(Items listed in a dataset)
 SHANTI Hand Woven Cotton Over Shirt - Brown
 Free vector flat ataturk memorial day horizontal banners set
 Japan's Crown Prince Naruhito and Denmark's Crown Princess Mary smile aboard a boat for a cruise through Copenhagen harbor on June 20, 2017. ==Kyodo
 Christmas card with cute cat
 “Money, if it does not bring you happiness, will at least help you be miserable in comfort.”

--

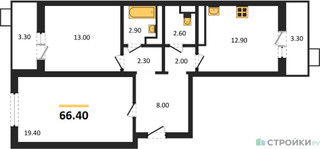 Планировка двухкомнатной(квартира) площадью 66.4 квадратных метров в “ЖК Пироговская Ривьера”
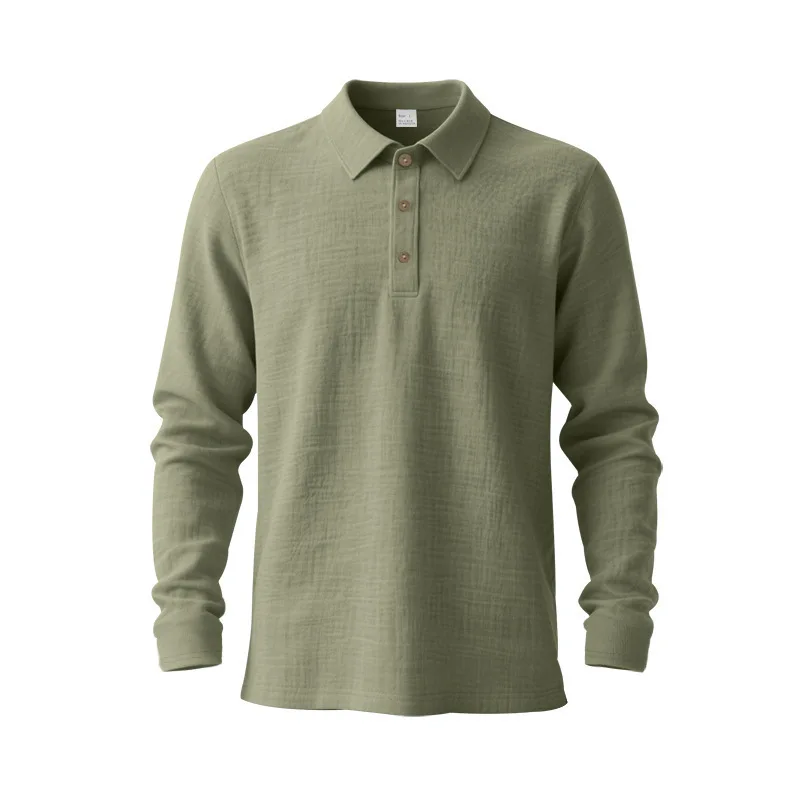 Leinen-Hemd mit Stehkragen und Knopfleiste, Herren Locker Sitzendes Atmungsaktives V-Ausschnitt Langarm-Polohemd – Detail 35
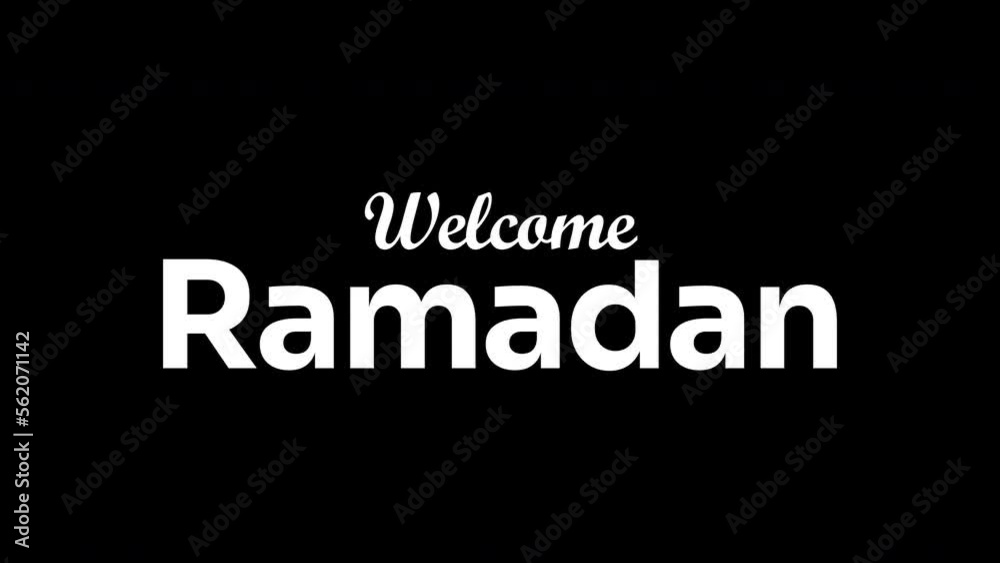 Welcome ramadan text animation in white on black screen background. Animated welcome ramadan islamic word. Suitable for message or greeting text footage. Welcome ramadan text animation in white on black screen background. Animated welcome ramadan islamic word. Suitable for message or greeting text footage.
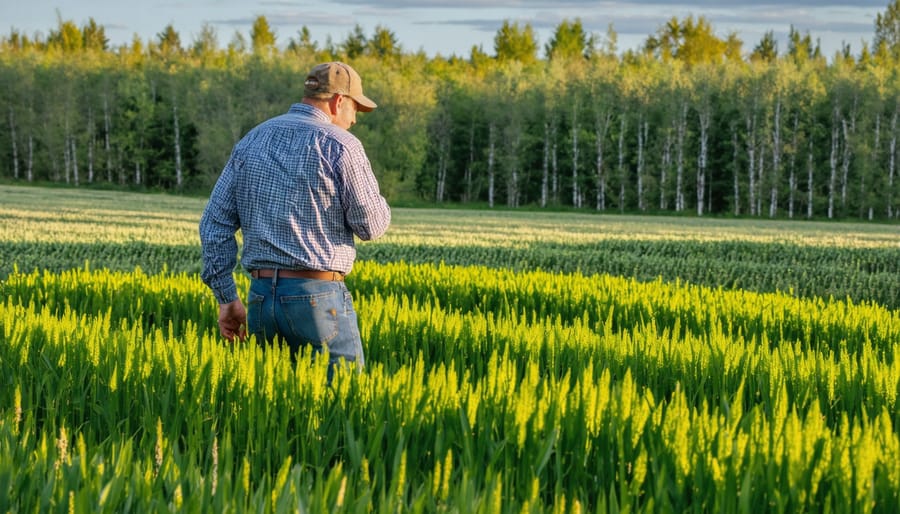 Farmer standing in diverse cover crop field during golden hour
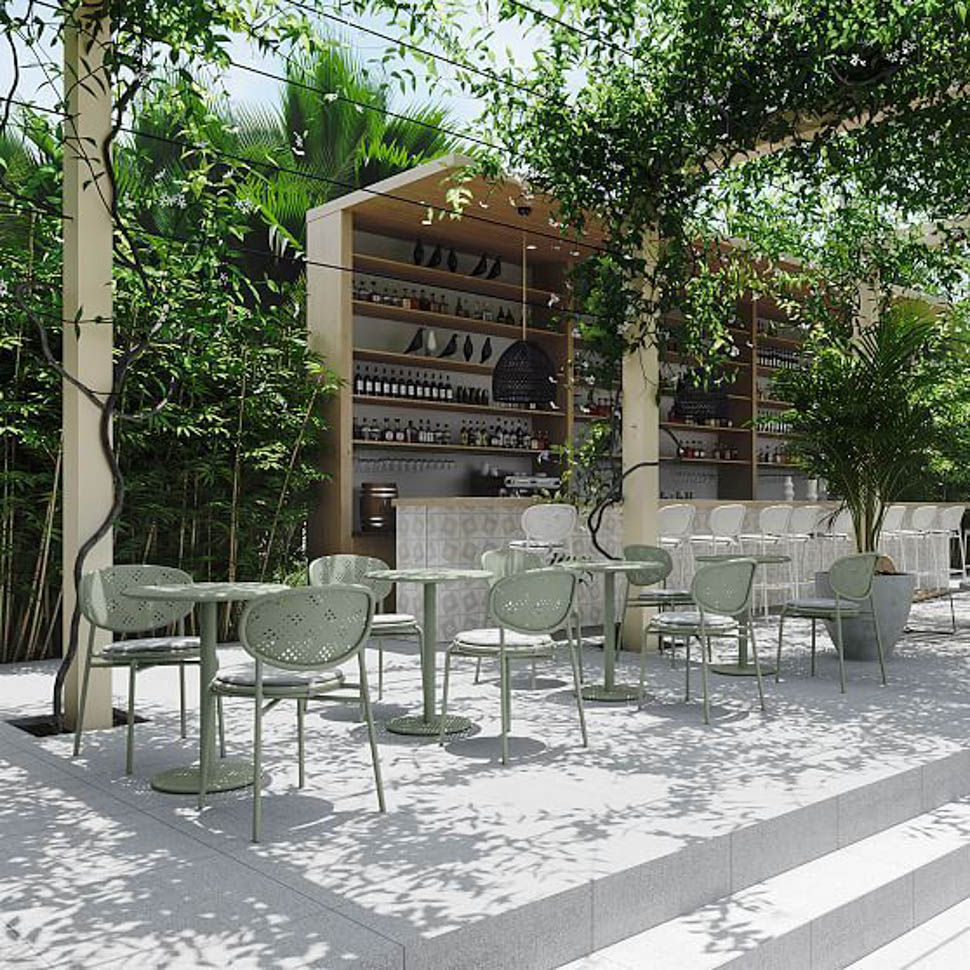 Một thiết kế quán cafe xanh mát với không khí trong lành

---

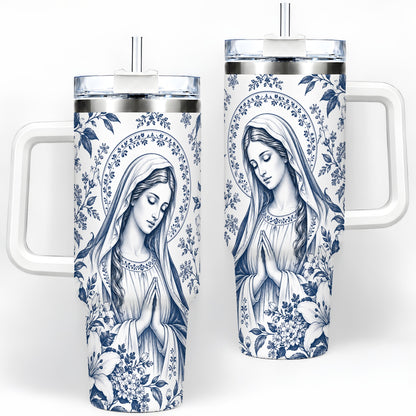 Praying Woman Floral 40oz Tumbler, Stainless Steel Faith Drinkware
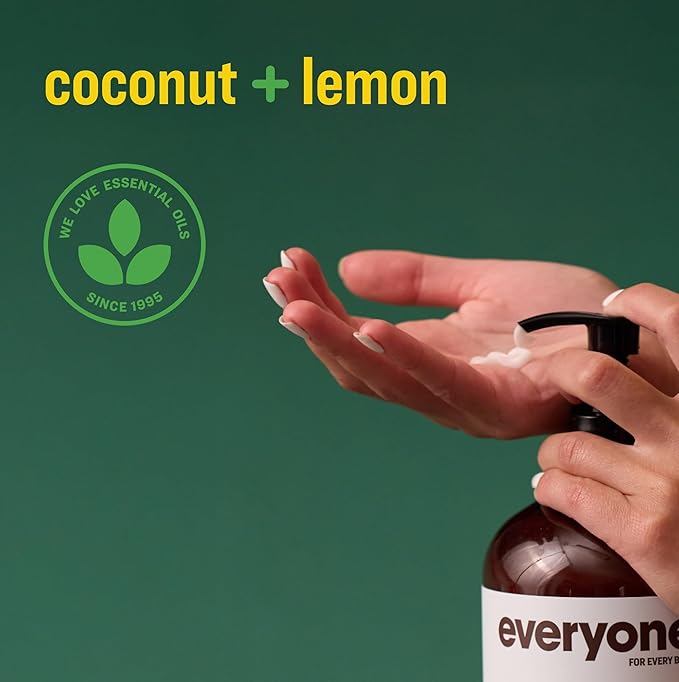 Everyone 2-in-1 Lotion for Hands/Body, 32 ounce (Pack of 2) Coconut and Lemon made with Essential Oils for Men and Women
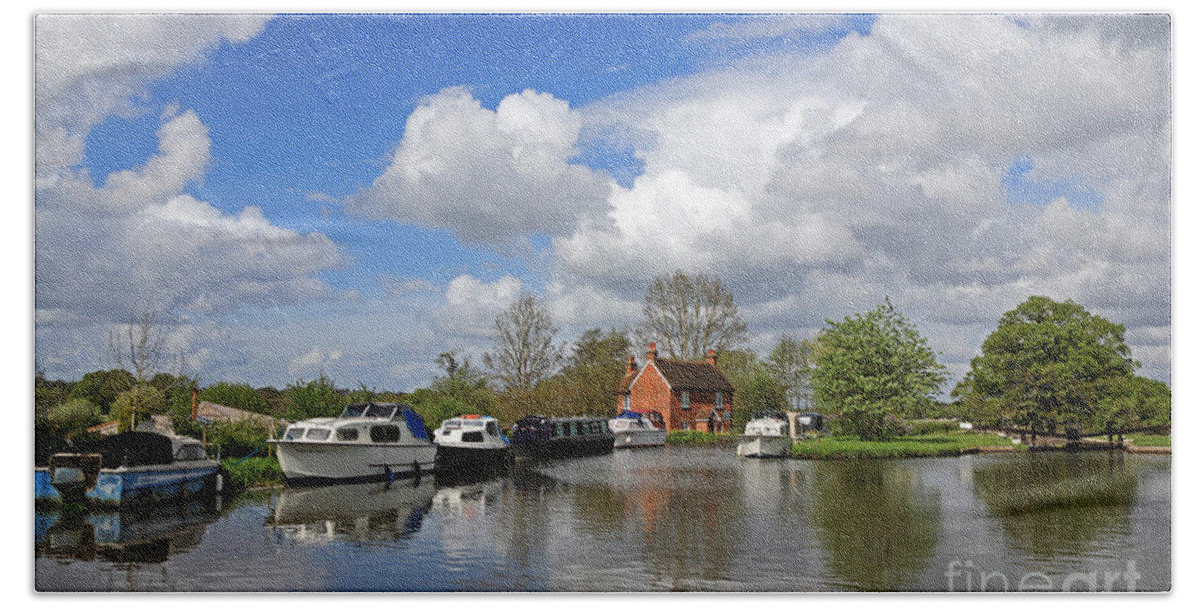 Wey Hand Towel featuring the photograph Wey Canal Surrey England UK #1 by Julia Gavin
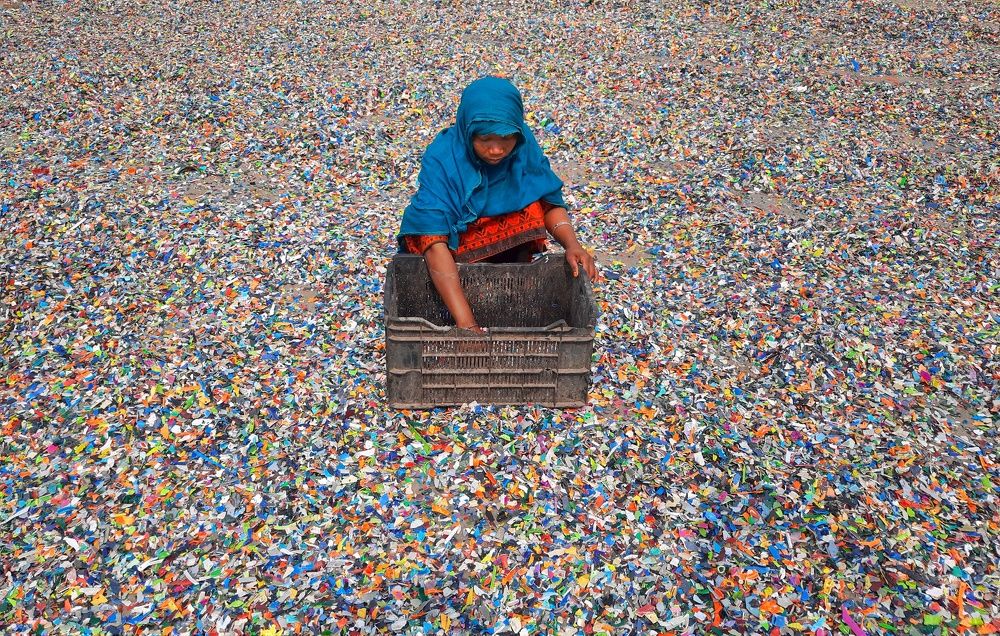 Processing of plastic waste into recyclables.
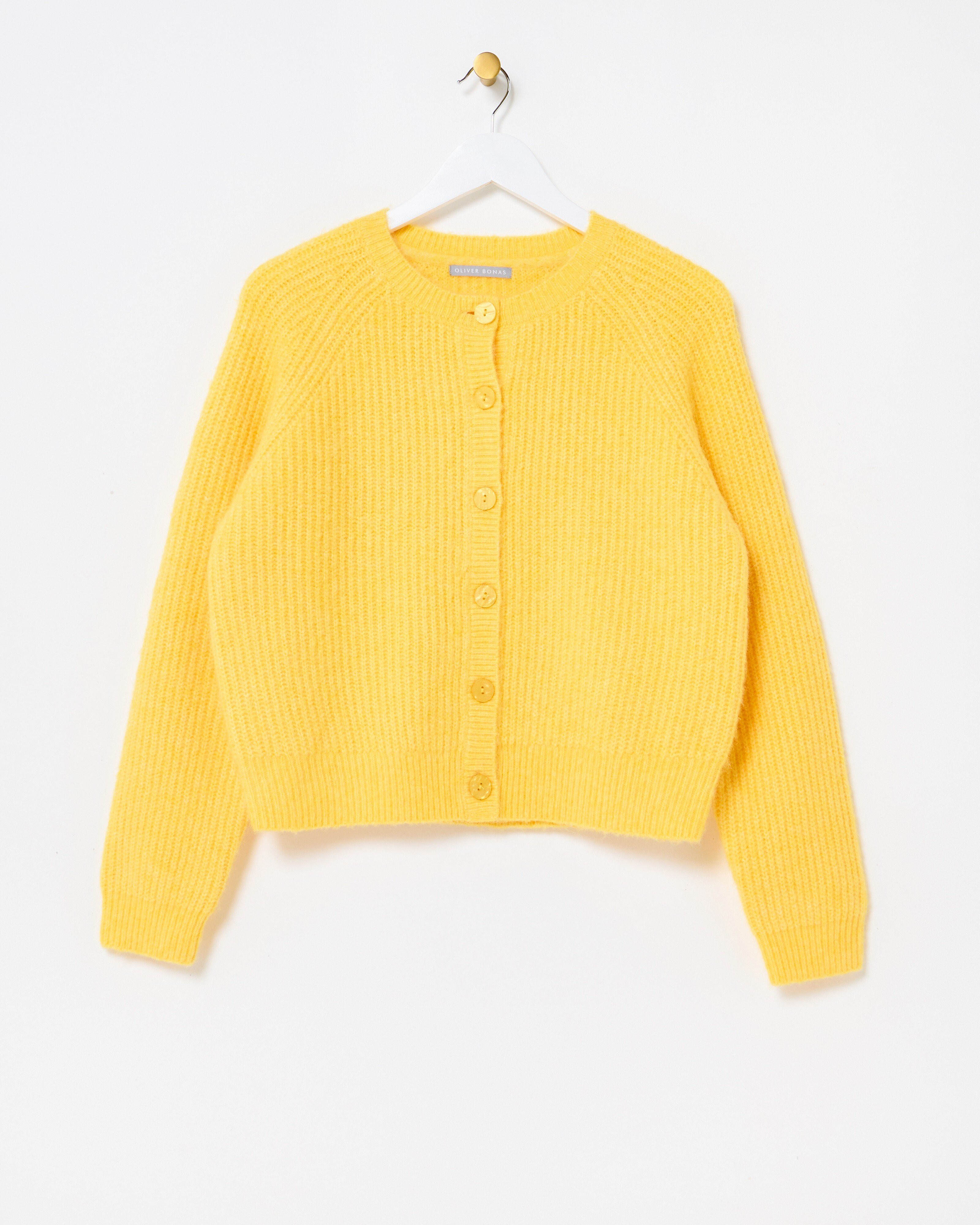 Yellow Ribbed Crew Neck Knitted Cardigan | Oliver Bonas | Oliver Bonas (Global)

[Work request]
Could you return exactly the stretch of the data above that starts at the line with "Christmas card with cute cat" and ends at the line with "it does not", both lines included?

[Answer]
 Christmas card with cute cat
 “Money, if it does not bring you happiness, will at least help you be miserable in comfort.”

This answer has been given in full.